В Киевском кожвендиспансере на улице Саксаганьского долго не могли поставить диагноз, спрашивали, где я подцепил такую экзотику.
— Караванщик Али привёз из Пакистана.
Думали – шучу.
Однажды у меня сосал Бодлер.
Июньское солнце бьёт отвесно в листву каштанов, как живописец играя оттенками зелёного, прежде чем рассеянным мягким светом попасть в тесный, окружённый высокими стенами дворик киевского кожно-венерологического диспансера на улице Саксаганьского, 72. Я сижу, откинувшись на спинку скамейки. Оксана лежит, используя меня, как подушку, тревожа мои чресла, и, боюсь, мой член упирается ей в ухо. Между её ног сидит Андрей и ловит пальцами аккорды на гитаре. Звук отражается от стен, во дворе отличная акустика. У Андрея нежный и красивый голос, да и сам он – молодой и красивый. Как и большинство собравшегося во дворике народа, спустившегося со второго и третьего, мужского и женского этажей. Полураспахнутые больничные халаты девушек, пижамы и тапочки ребят создают уютную домашнюю атмосферу. У некоторых девочек такие невинные лица, что встреть вы их где-нибудь на улице, а не в коридоре КВД с баночкой мочи на анализ, ни за что не заподозрите диагноз. Посадить такого ангелочка на шишку- это счастье.
— А трихомоноз? – спросите вы.
— Испугали ежа голой жопой. Семь бед- один ответ, тут же и подлечат, далеко ходить не надо. Я стал проще относиться к лёгким венерическим заболеваниям. Не как к чему-то постыдному, а как к издержкам красоты и привлекательности. Если каждый встречный жаждет повертеть красотку на хую, никуда ей не деться. Сколько ни отгоняй комаров, несколько всегда присосутся.. Так что с какого-то момента я стал воспринимать гонорею у девушек как орден «За заслуги перед Отечеством» четвёртой степени, а свою медицинскую карту в КВД как наградную книжку ордена «Знак почёта». Так я разгадал для себя загадку, поначалу ставившую меня в тупик: Почему процент красивых девушек на Саксаганьского, 72 выше, чем на киевских улицах? – Сюда попадают только востребованные. Замухрышкам гонорея не грозит. Интересно, что подобное отношение не распространялось на сифилитиков, изолированных в отдельном блоке. Здесь , на скамейках заасфальтированного маленького дворика, собрались лёгкие, общительные люди, много студентов. Всем в районе двадцати. За небольшим исключением: Володе, таксисту, под тридцать. Недавно подвёз красивую девчонку из Дарницы на Подол, за не имением денег она расплатилась с ним гонореей. Здесь уже не первый раз – врачи, как родные. Он так сыплет скабрезными анекдотами, так чешет языком, что я понимаю : девчонке долго его уговаривать не пришлось. Володя уверяет, что может уболтать на секс ( ну, хотя бы на минет, уточняет он ) любую одинокую и понравившуюся ему пассажирку. Богатую или бедную, замужнюю или школьницу, красивую или уродливую. Главное – проявить к ней искренний интерес: женщины не терпят фальши. Знает в Киеве укромные живописные места, куда их отвозит. О правдивости его слов говорит пухлая медицинская карта.

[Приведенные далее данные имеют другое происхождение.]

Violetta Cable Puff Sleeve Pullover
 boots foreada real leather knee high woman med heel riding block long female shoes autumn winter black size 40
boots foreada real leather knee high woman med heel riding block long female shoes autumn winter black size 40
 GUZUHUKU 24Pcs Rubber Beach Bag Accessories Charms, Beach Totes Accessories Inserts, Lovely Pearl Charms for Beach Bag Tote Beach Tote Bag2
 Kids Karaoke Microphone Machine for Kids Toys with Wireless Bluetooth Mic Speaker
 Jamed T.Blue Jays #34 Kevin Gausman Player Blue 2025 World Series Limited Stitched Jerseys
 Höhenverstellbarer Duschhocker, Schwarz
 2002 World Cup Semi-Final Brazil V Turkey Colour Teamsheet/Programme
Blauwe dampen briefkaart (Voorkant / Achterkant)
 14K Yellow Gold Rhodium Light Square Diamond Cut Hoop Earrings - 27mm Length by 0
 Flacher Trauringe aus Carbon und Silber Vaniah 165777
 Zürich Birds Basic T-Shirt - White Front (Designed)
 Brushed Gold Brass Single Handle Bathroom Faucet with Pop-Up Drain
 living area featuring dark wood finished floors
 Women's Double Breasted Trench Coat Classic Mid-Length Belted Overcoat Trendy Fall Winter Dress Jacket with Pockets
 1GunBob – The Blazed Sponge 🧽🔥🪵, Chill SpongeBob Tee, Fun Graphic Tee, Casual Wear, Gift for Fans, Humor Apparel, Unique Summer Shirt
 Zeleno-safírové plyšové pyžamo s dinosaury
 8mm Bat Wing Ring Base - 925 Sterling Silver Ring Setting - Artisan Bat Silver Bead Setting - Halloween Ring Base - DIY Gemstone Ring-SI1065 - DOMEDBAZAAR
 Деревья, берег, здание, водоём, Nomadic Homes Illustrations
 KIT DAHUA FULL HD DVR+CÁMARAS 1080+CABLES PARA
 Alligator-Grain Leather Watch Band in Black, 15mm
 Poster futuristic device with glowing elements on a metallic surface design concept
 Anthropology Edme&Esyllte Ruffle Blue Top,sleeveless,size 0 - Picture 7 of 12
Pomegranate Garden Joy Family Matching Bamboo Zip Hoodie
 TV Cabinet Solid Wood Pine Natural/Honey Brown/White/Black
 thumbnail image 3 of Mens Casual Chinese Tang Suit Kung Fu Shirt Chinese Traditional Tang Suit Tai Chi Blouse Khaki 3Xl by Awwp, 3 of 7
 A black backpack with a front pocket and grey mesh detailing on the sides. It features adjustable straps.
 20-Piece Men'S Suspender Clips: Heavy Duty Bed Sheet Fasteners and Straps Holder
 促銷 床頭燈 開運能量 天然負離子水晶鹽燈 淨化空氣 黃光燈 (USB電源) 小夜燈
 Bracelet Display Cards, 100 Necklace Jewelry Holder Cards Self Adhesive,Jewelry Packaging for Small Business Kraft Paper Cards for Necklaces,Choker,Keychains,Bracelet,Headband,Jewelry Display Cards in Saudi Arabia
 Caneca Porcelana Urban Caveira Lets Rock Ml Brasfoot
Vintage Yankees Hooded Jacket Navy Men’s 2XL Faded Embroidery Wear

Я удивляюсь, откуда в киевлянах столько эротизма? Может, южный климат, запах цветущей сирени и каштанов? Или Чернобыль виноват? Так ведь три года прошло. Володя говорит, после Чернобыля у мужиков дубом стоял – так радиация действовала. Я предлагаю вместе съездить в Гидропарк.
— Не могу, у меня после обеда процедуры.
Надо пояснить, что КВД – больница закрытого режима. Ну, насколько может быть закрыт режим у беспечных и жизнерадостных киевлян в бардачном 1989 году? У всех была припрятана домашняя одежда, да и что там прятать – не шуба же – майка да шорты.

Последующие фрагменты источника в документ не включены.